§ **PROMPT**
Would you retype the line that contains "2491 SW 82nd Ave, Davie, FL 33324 - Photo 2" and all lines following it to the end of the entries below, exactly and without pictures?

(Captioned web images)
= Beginning of Section =

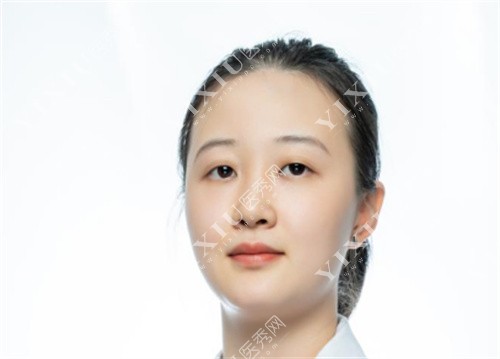 深圳牙力仕口腔诊所医生冯毓娴 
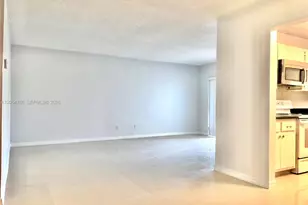 2491 SW 82nd Ave, Davie, FL 33324 - Photo 2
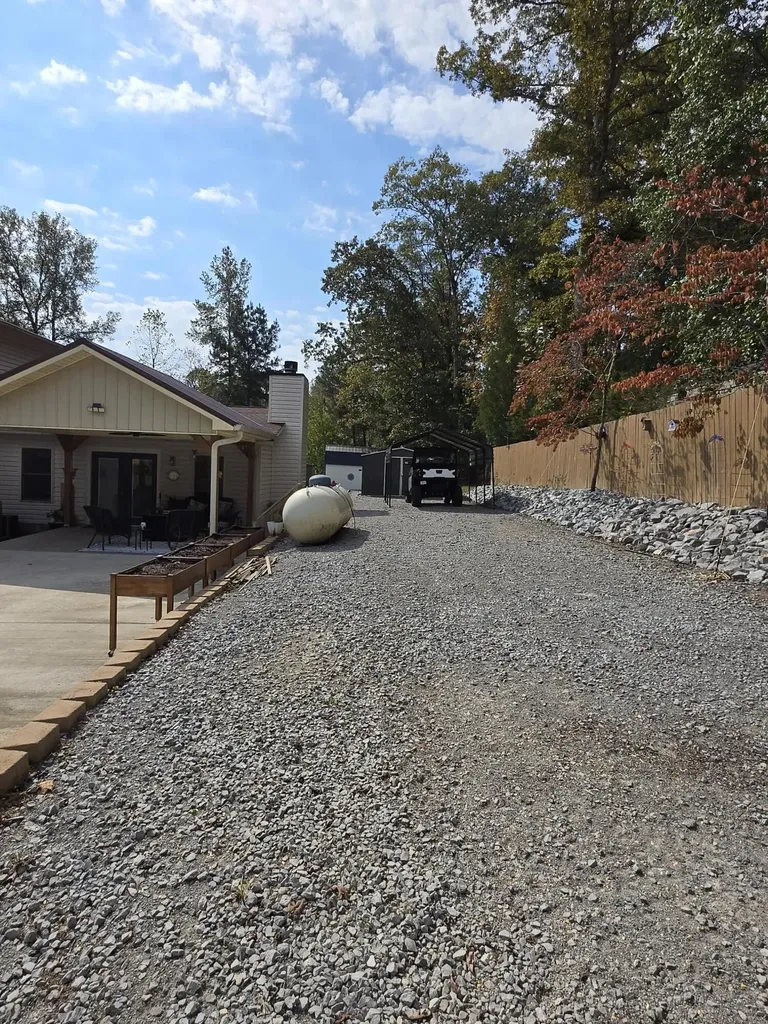 8441 Toestring Valley Road Spring City TN 37381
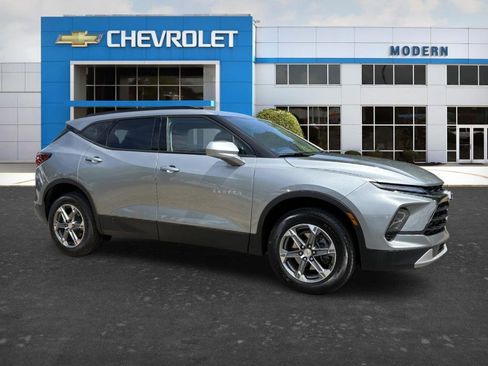 Used 2024 Chevrolet Blazer LT w/ Convenience Package FWD image 6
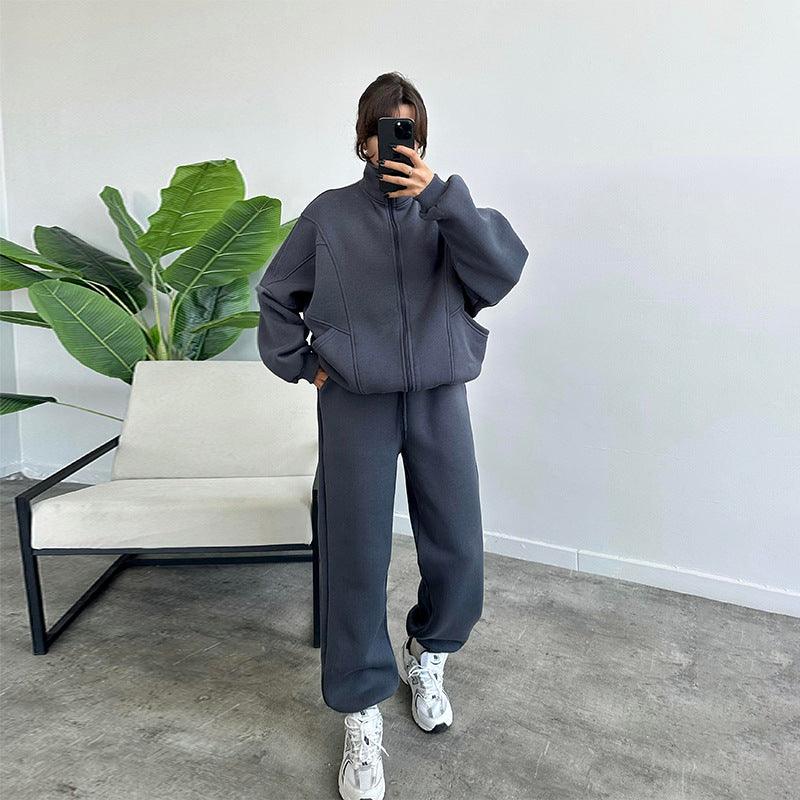 Women's cardigan and jogger set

= End of Section =

§ **ANSWER SECTION**
 2491 SW 82nd Ave, Davie, FL 33324 - Photo 2
 8441 Toestring Valley Road Spring City TN 37381
 Used 2024 Chevrolet Blazer LT w/ Convenience Package FWD image 6
 Women's cardigan and jogger set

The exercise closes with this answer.